*** Opening of Dataset excerpt ***

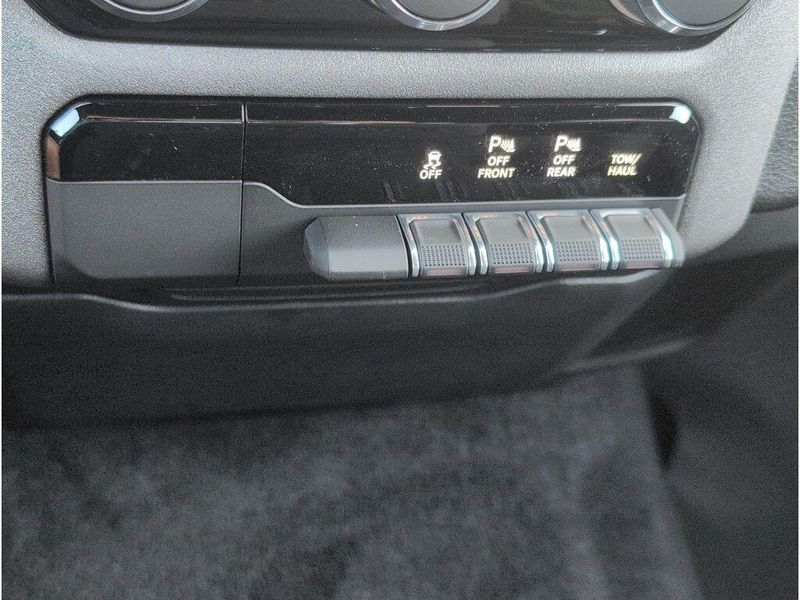 New 2026 RAM 1500 Tradesman Crew Cab 4x4 5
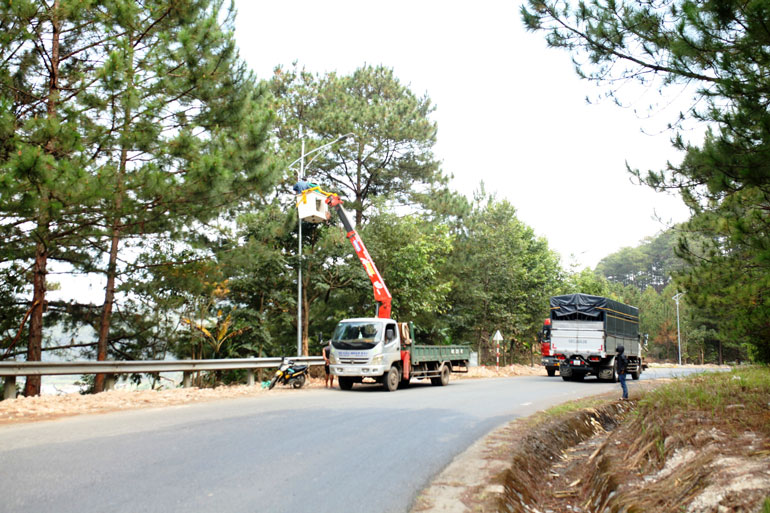 Toàn bộ 244 bộ đèn chiếu sáng đường đèo Mimosa đã được đơn vị thi công hoàn thành và tiến hành đóng điện chiếu sáng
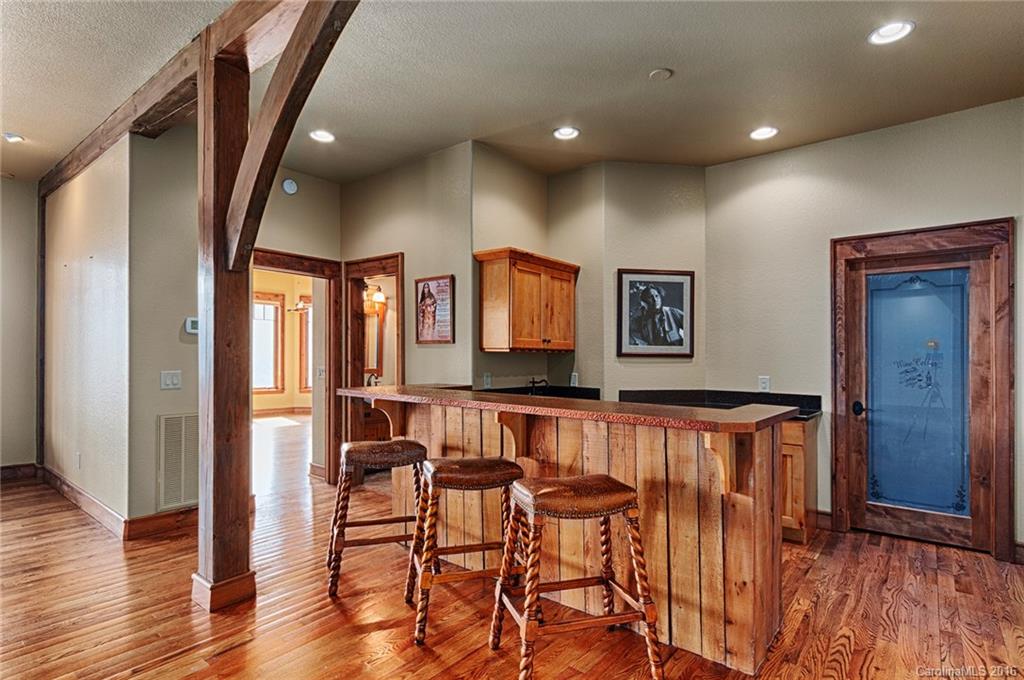 Laurel Ridge Country Club - Residential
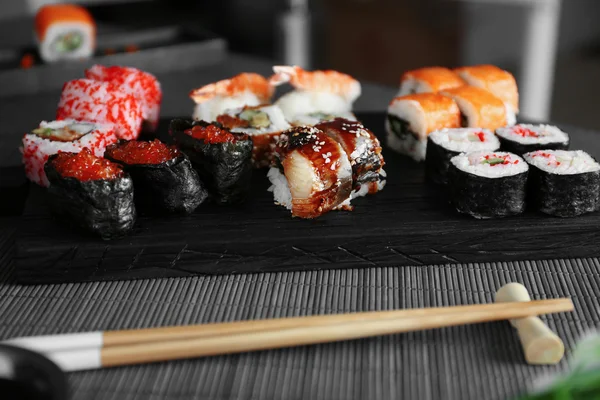 Sushi na desce — Zdjęcie stockowe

*** Close of Dataset excerpt ***

• Required work: Give the listing above again exactly, minus any images.

• Response to this exercise:
 New 2026 RAM 1500 Tradesman Crew Cab 4x4 5
 Toàn bộ 244 bộ đèn chiếu sáng đường đèo Mimosa đã được đơn vị thi công hoàn thành và tiến hành đóng điện chiếu sáng
 Laurel Ridge Country Club - Residential
 Sushi na desce — Zdjęcie stockowe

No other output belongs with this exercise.